The IMF report provides a detailed multi-sectoral analysis of how institutional failures haemorrhage 6.5pc of GDP, yet critically sidesteps how governance rot directly manufactures climate catastrophe. Consider water allocation: elite-captured irrigation authorities divert flows to politically connected landowners growing water-intensive crops during droughts, leaving smallholder farmers with empty canals and forcing rural-urban migration. This isn’t just corruption. It is climate vulnerability engineered into resource governance, creating conditions where natural climate variability becomes social catastrophe.
The GCDR’s analysis examines regulatory capture in resource sectors, weak environmental law enforcement and accountability gaps but does not synthesise these failures into the compound climate impact. This approach prevents an integrated policy response: climate-resilient procurement standards that turn infrastructure risk assessments into corruption deterrents, rather than bureaucratic add-ons.
Corruption as climate multiplier: When viewed through a climate lens, each governance failure the IMF has documented is a compound climate risk. Corruption, defined as the illegal misuse of public office for private gain, differs from elite and state capture that is embedded in the political economy. Elite capture is a more complex phenomenon where powerful interest groups not only break the rules but also manipulate state structures to design policies, laws, rules and procedures, exemptions and waivers, subsidy and tax regimes that legally channel public resources for their private benefit.
This distinction matters for climate policy design. Technical anti-corruption fixes such as stronger audits, digital procurement systems and whistleblower protections fail if they ignore the unequal power dynamics that allow a narrow elite to steer the system away from climate resilience towards maladaptive development. Elite capture increases climate vulnerability through opaque land-use rules that permit construction on floodplains, unregulated water allocation favouring politically connected agricultural exporters, and fast-track infrastructure projects that bypass environmental standards. This makes climate maladaptation an official, legal outcome of economic activity that no corruption investigation can touch.

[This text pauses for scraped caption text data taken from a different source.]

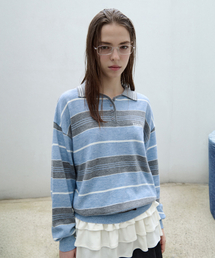 ALPACA STRIPE COLLAR KNIT BLUE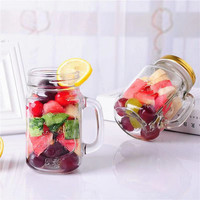 Mug en verre gaufré de qualité alimentaire avec poignée, 16 oz, idéal pour boissons froides, confiture, flocons d'avoine, avec couvercle à vis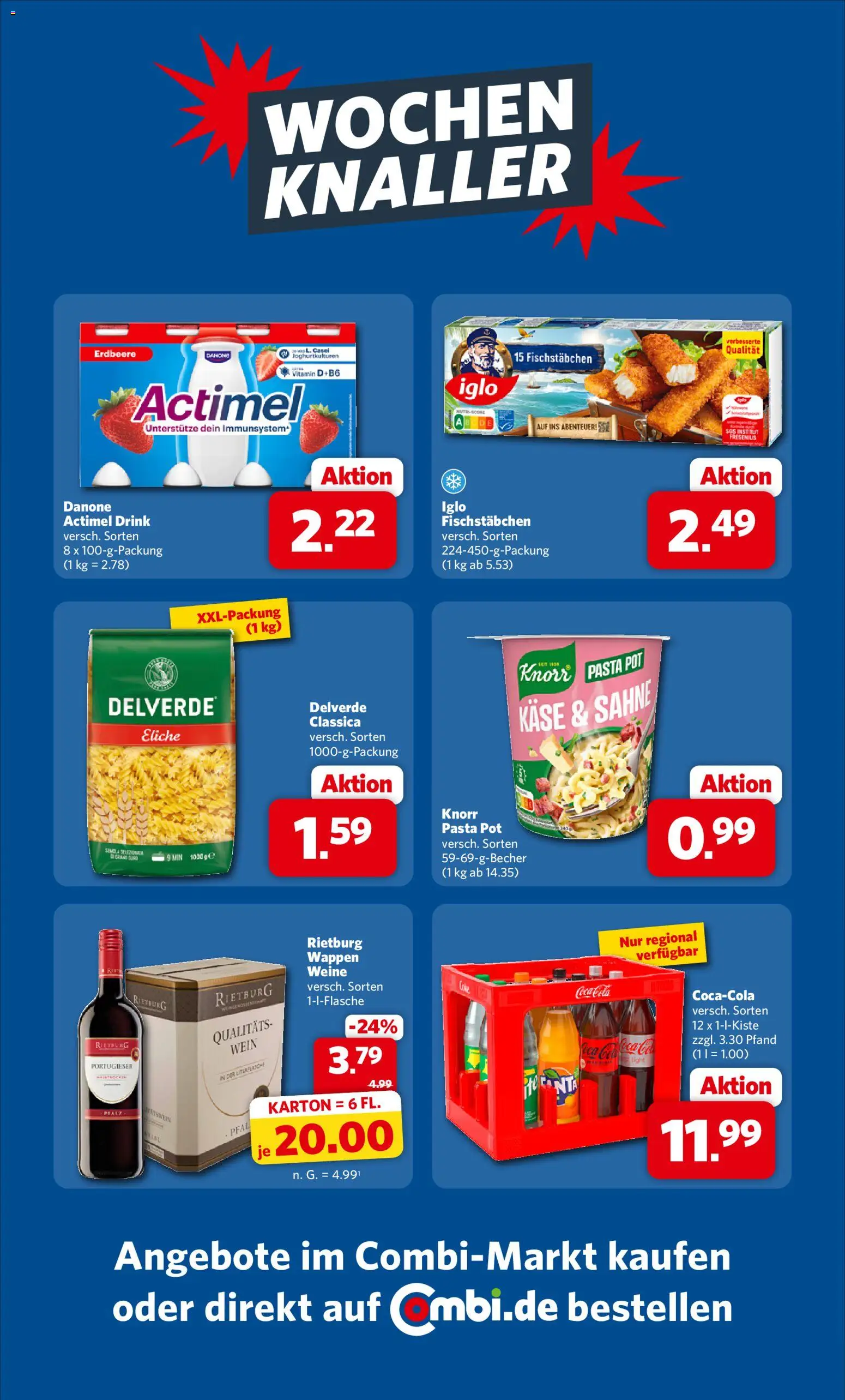 Combi Prospekt – gültig ab 26.10.2026 | Seite: 32 | Produkte: Actimel, Käse, Iglo, Fischstabchen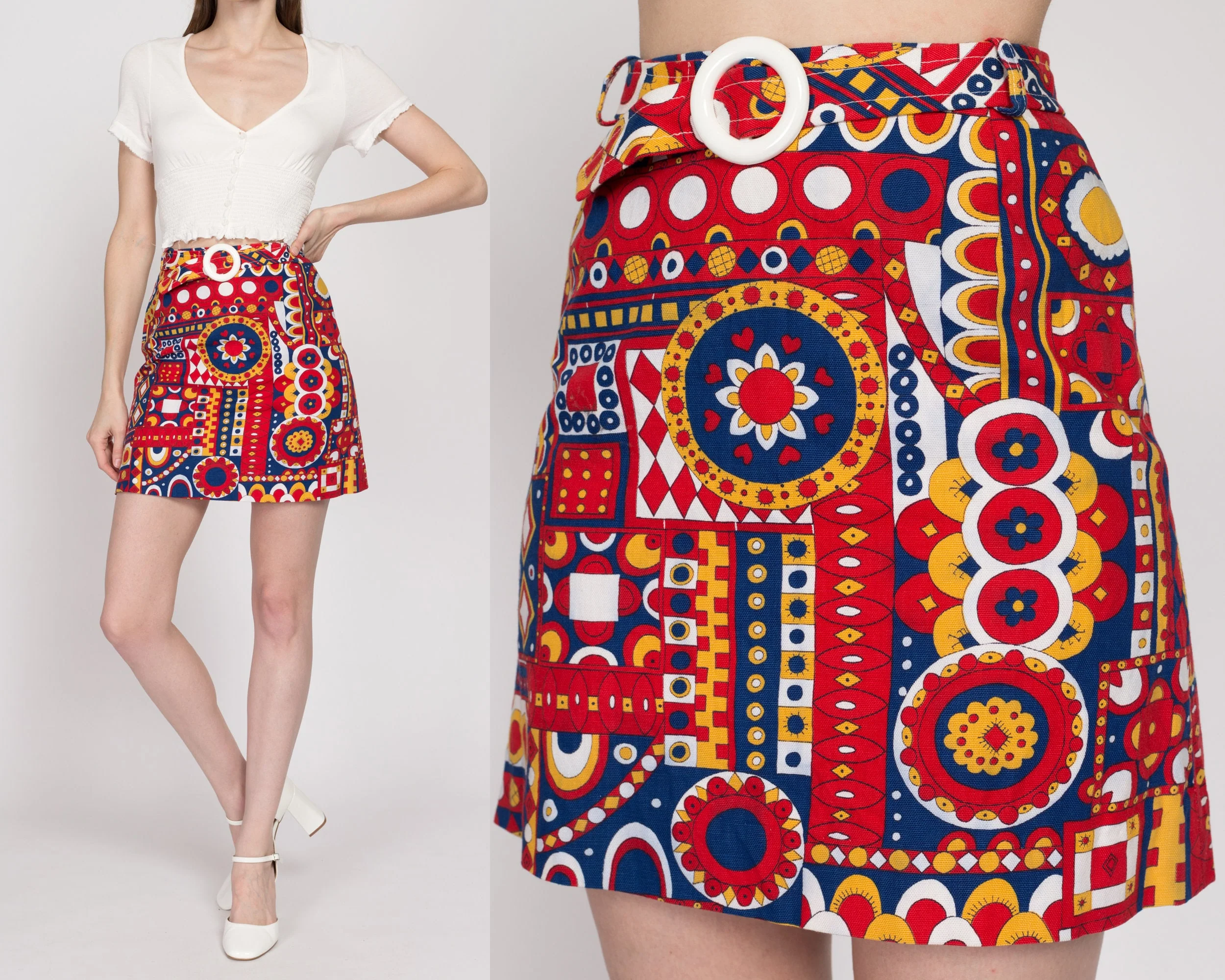 XS 60s Red Psychedelic Floral Belted Mini Skirt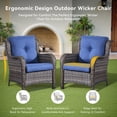 thumbnail image 3 of Gymojoy Wicker Patio Chairs Set of 2, Outdoor Lounge Chairs with Cushions for Porch Balcony Backyard, Grey Wicker and Blue Cushions, 3 of 11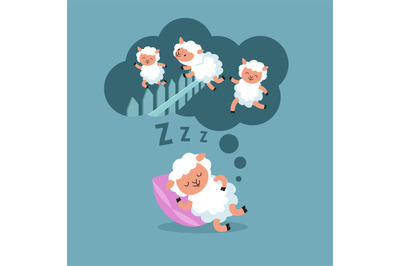 Counting sheep to sleep at night. Jumping lamb to happy dream cartoon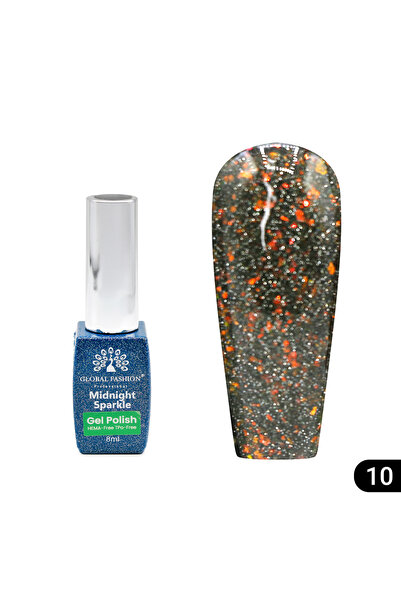 global fashion Midnight sparkle semi-permanent nail polish 8 ml, 10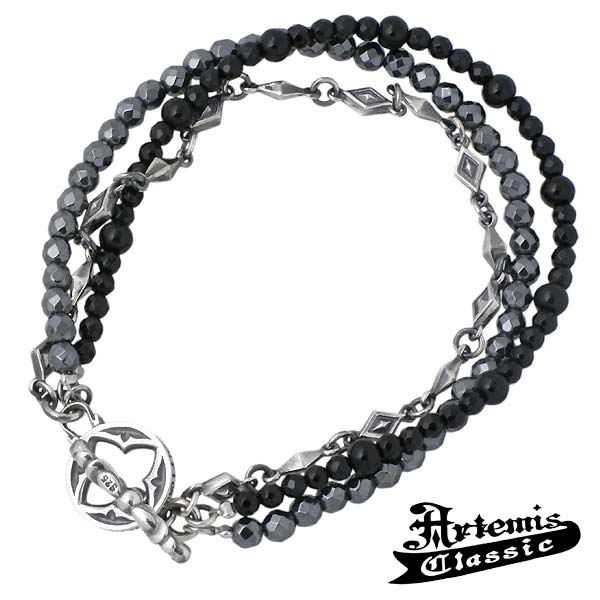 【ポイント2倍！マラソン期間中】 アルテミスクラシック Artemis Classic ピラミッド シルバー ブレスレット アクセサリー メンズ ヘマタイト オニキス シルバー925 スターリングシルバー ACB0087
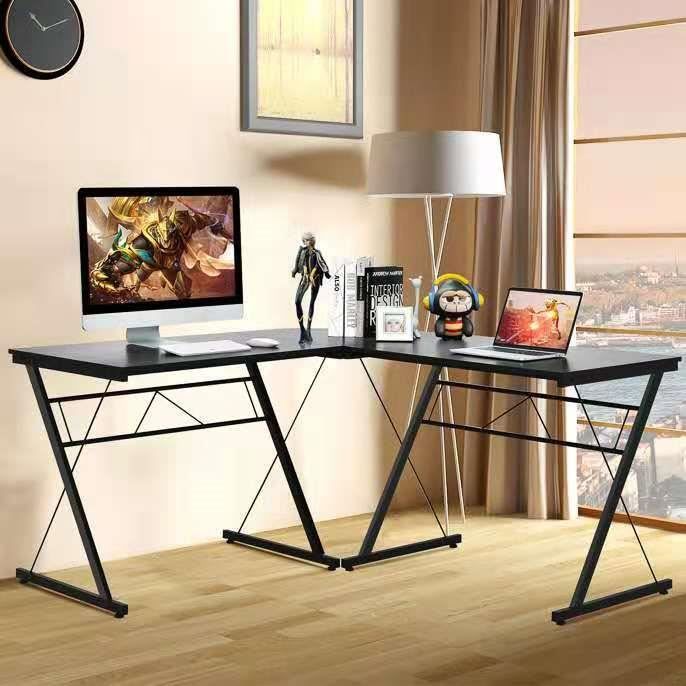 Bureau d'angle informatique table coin gamer forme L meuble travail surface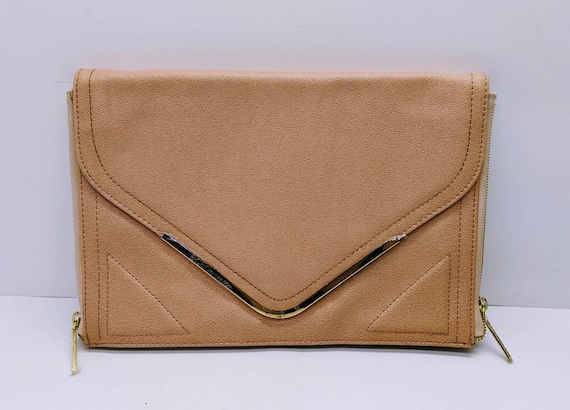 BCBG Peach Rose Gold Vinyl Envelope Clutch Purse With Gold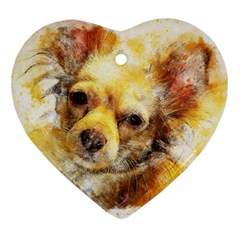 Dog Animal Art Abstract Watercolor Ornament (Heart)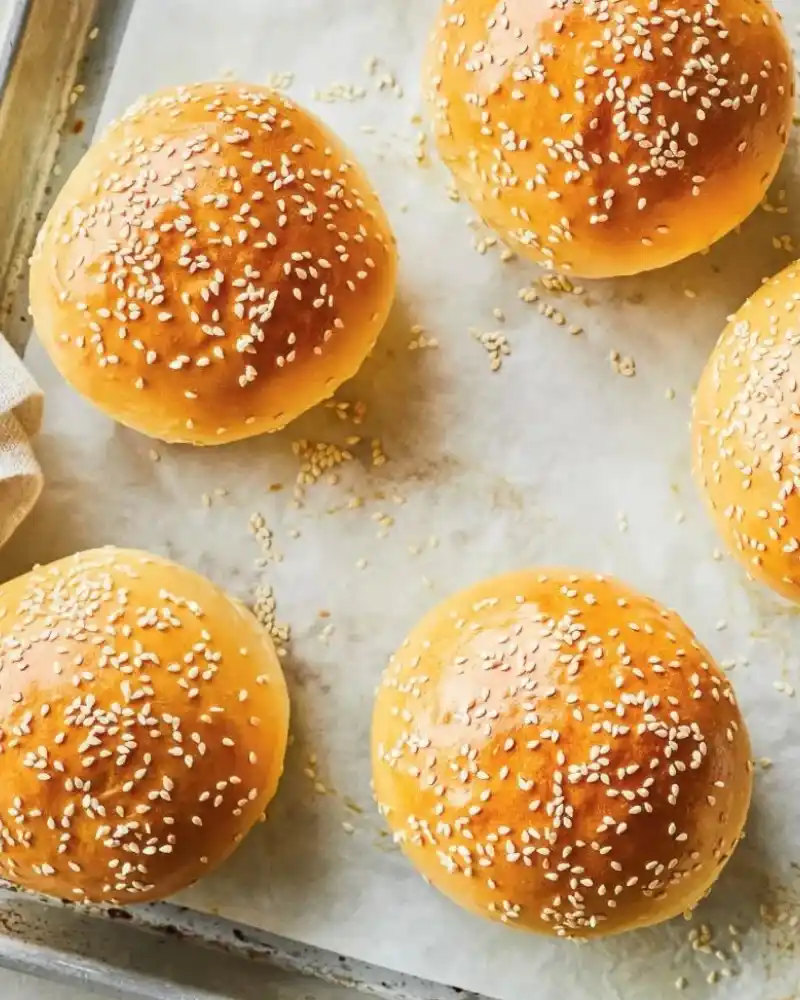 Soft gluten-free hamburger buns.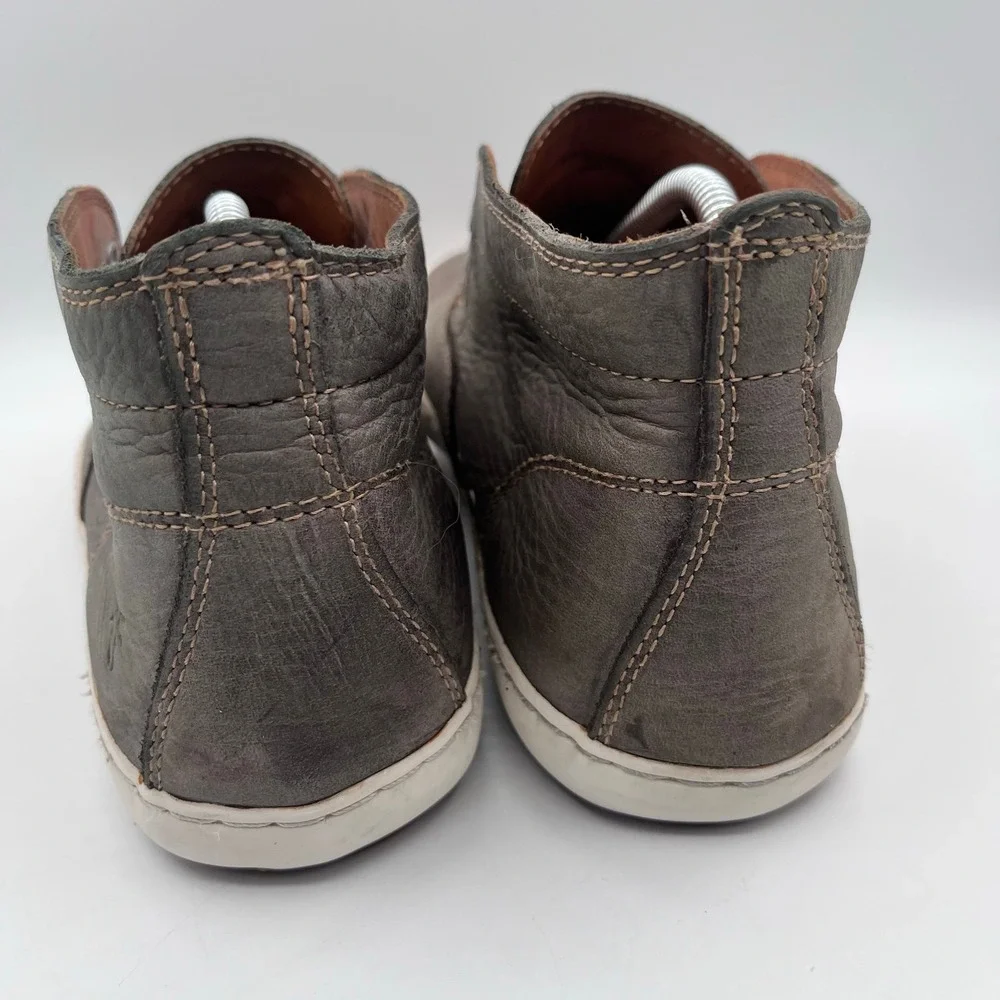Frye Men's 9.5 Chukka Sneakers SMK Gray Leather Casual Shoes Lace-Up‎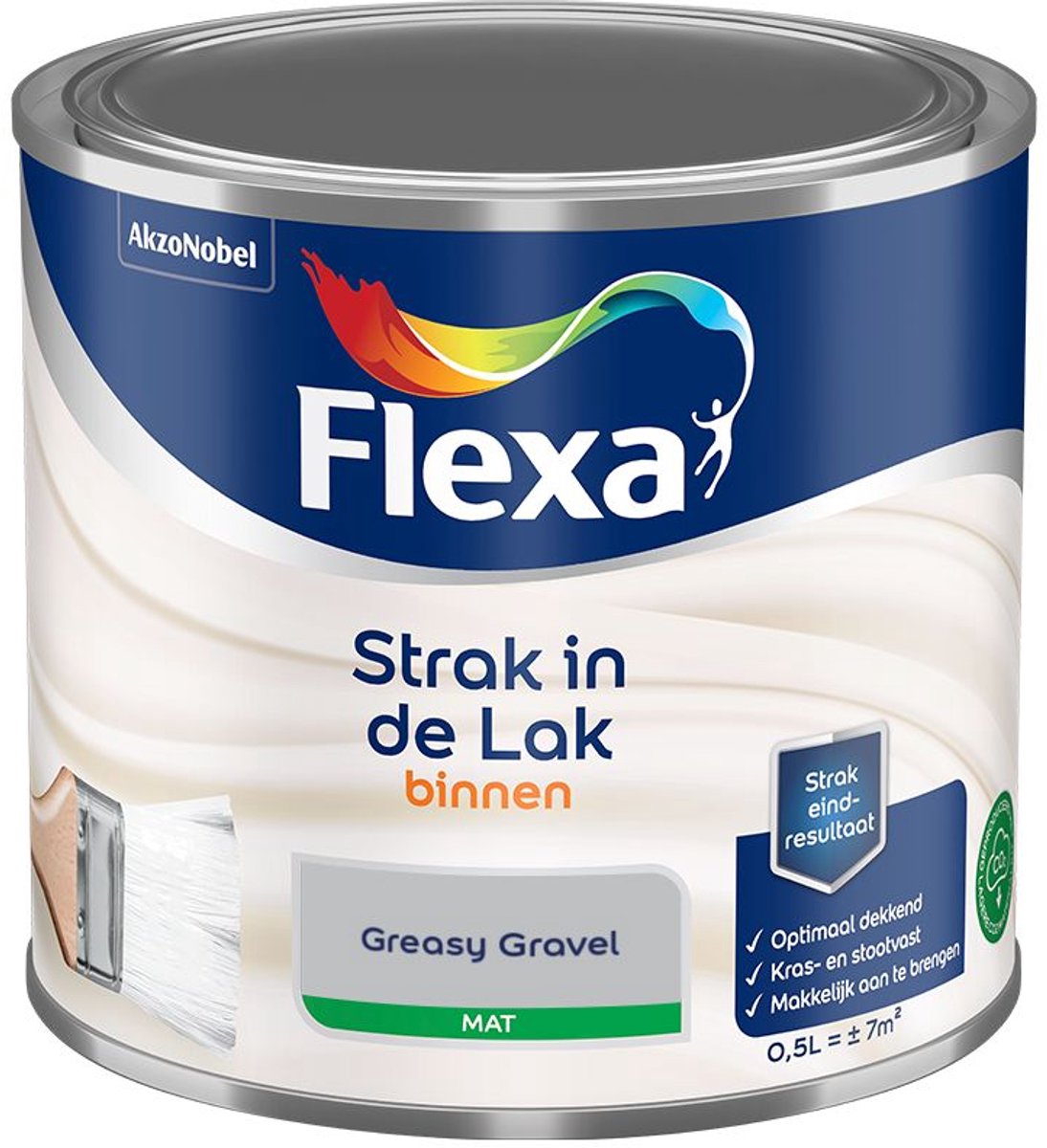 Flexa - Strak In De Lak Binnenlak Mat - Greasy Gravel - 500 Ml - Kleur Van Het Jaar 2027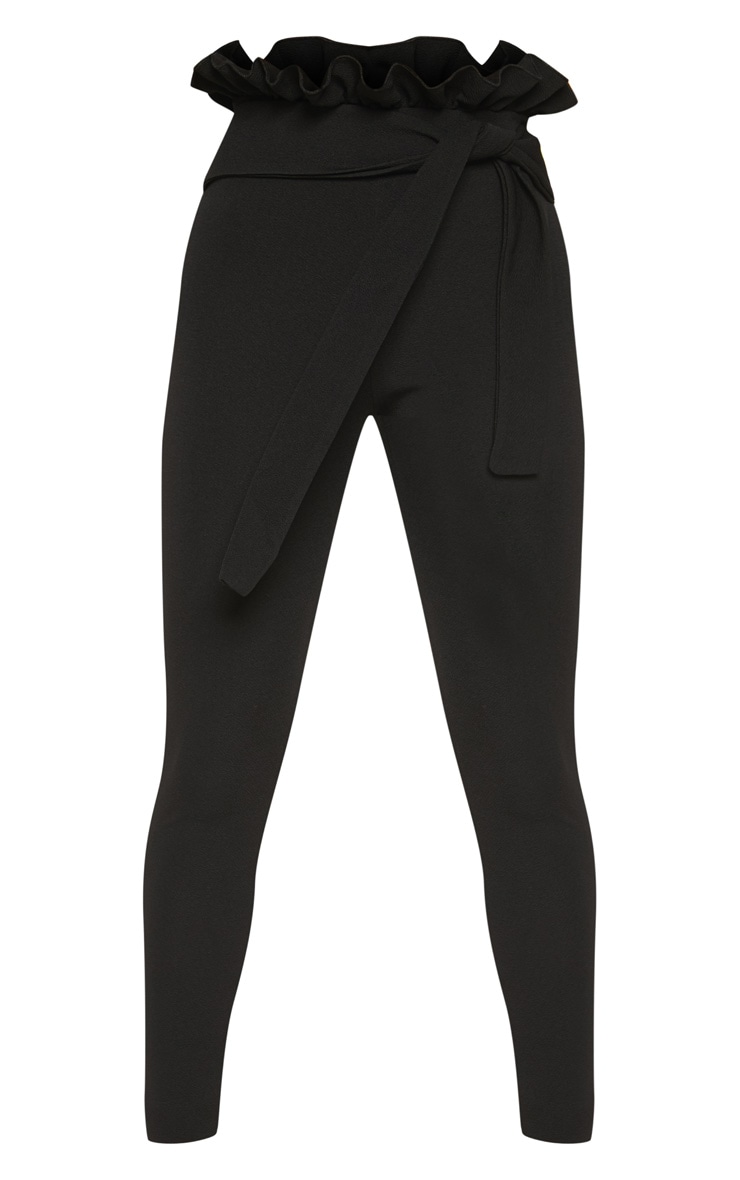 Perlita black shop paperbag skinny trousers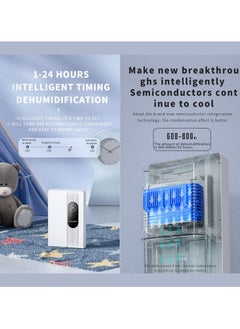 XiuWoo Dehumidifier For Home, 2200ML  Small Dehumidifier For Bathroom,  Quiet Bedroom Dehumidifier ,with External Water Pipe,With Adjustable Timer And Sleep Mode For Basement, Rv, Closet  - Image 4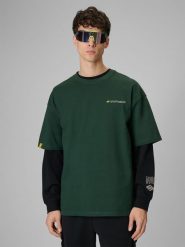 4F T-shirt loose z nadrukiem męski - zielony XL. Zielone t-shirty 4F, m, bez wzorów, z bawełny, bez kołnierzyka, bez ramiączek. Za 89.99 zł.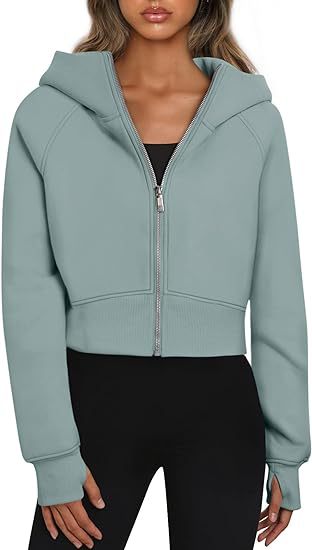 Veste à capuche cropped pour femmes avec fermeture éclair intégrale Chic und Stil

Despite prioritising public procurement reform within one year, the report fails to address over 1,000 stalled or ongoing public sector projects with a cumulative throw-forward of Rs8.5 trillion or so. An inordinately high percentage symbolises elite capture: for instance, the Reko Diq copper-gold project without adequate water security assessments in Balochistan’s water-scarce areas, motorways routed through ecologically sensitive zones to benefit connected developers, and coastal highways accelerating erosion and displacing fishing communities.
These projects don’t just waste resources, they also increase climate vulnerability while consuming the budgetary capacity for the next decade, creating locked-in maladaptation that reforms cannot easily reverse. Without confronting this legacy portfolio, improved procurement transparency cannot deliver climate-resilient infrastructure. The solution requires political economy mapping to identify which elite groups benefit from maladaptation.
Cost of inaction: Pakistan cannot build climate resilience without reforming corrupt institutions, yet it cannot delay climate adaptation while undertaking decade-long institutional reforms. This is not a sequencing problem; it is a simultaneity imperative. Every year spent ‘fixing governance first’ means a corrupted disaster response converts manageable floods into displacement crises, elite-captured water allocation intensifies droughts, and diverted climate finance ensures infrastructure fails at the next shock. A recent analysis projects that climate inaction will cost Pakistan $250bn by 2030 and $1.2tr by 2050.
The way forward requires abandoning false choices between governance reform and climate action. Pakistan needs climate-conditioned governance interventions. In Pakistan, governance failure is climate failure.
The writer is a climate change and sustainable development expert.